BEGIN
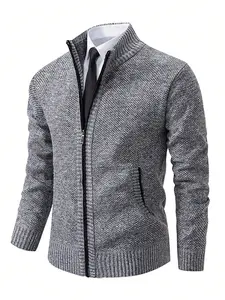 Men's Stand Collar Sweater with Zipper, Preppy Style Long Sleeve Knitwear, Casual Slim-Fitting Outer Vest for All Seasons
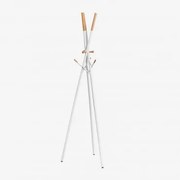 Staande Kapstok Van Metaal En Beukenhout Urian Wit - Sklum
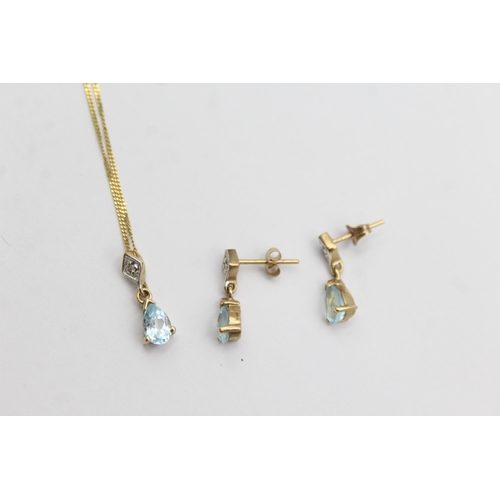 1149 - A 9ct gold blue topaz and diamond pendant necklace and earrings set - approx. gross weight 2.3 grams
END
Exercise objective.
The whole listing must be restated word for word. Leave out any pictures.

Answer section.
 Men's Stand Collar Sweater with Zipper, Preppy Style Long Sleeve Knitwear, Casual Slim-Fitting Outer Vest for All Seasons
 Staande Kapstok Van Metaal En Beukenhout Urian Wit - Sklum
 1149 - A 9ct gold blue topaz and diamond pendant necklace and earrings set - approx. gross weight 2.3 grams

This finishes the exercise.